Recently if you have been following the news or President Trump’s tweets you might have seen the words “global warming” or “polar vortex”. By the sound of them, these words sound like the total opposite of one another, but they are both a result of climate change.
According to NASA, “climate change refers to a broad range of global phenomena created predominantly by burning fossil fuels which add heat-trapping gasses to earth atmosphere.” The Industrial Revolution of the 18th century marked a consequential moment in human history as it resulted in accelerated climate change like never before. Scientists had predicted in the past that a number of events might occur due to climate change and they are now happening. Loss of sea ice, accelerated sea level rise and longer, more intense heat waves are a few examples of climate change that have already occurred. Even though some might argue that climate change is a hoax that doesn’t really exist, the fact that 2018 was the 4th hottest year in the recorded history of mankind proves otherwise.
The Rocky National Park before vs after.
The Muir Glacier in 1882 vs 2005.
The Great Barrier Reef before vs after. Warmer water temperatures resulted in the coral “bleaching,” or dying.
Global warming is a long-term rise in the average temperature of the Earth’s climate system, an aspect of climate change shown by temperature measurements and by multiple effects of the warming.
Global warming is a result of things such as greenhouse gas emissions & deforestation.
A greenhouse gas is a gas that absorbs and emits radiant energy within the thermal infrared range. Greenhouse gases cause the greenhouse effect. The primary greenhouse gases in Earth’s atmosphere are water vapor, carbon dioxide, methane, nitrous oxide, and ozone.
Greenhouse gases trap heat within the atmosphere of the earth thus resulting in climbing global temperatures. A major cause of greenhouse gas emissions is the burning of fossil fuels and coal.
According to accuweather.com “A polar vortex is a large pocket of very cold air, typically the coldest air in the Northern Hemisphere, which sits over the polar region during the winter season.” In other words, the polar vortex is a large area of low-pressure air surrounding the Earth’s North and South Poles.
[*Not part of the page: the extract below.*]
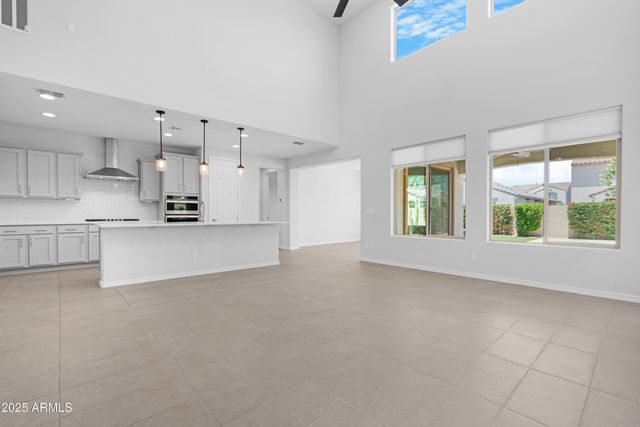 8962 W MARSHALL Avenue, Glendale, AZ 85305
The polar vortex is stable all year round, but during the winter months it can become sporadic and shift. Due to climate change and global warming, the polar vortex has become more and more unstable over the years.
How are global warming and the polar vortex related?
You may think that global warming and polar vortex have nothing to do with each other since they sound like the complete opposites of each other, but they, in fact, have a strong correlation. Due to global warming, temperatures have increased all around the globe but especially in areas near the equator. Since cold air is denser than warm air, the warm air from those exceptionally hot regions such as the tropics and the equator rises. When the warm air rises and reaches the North pole, it pushes down the cold air. In recent years the global temperature has increased, thus resulting in more warm air, which in turn means that the more warm air there is the more cold air is pushed down. This creates the irregular polar vortex which resulted in record-breaking low temperatures in the midwest that we have seen.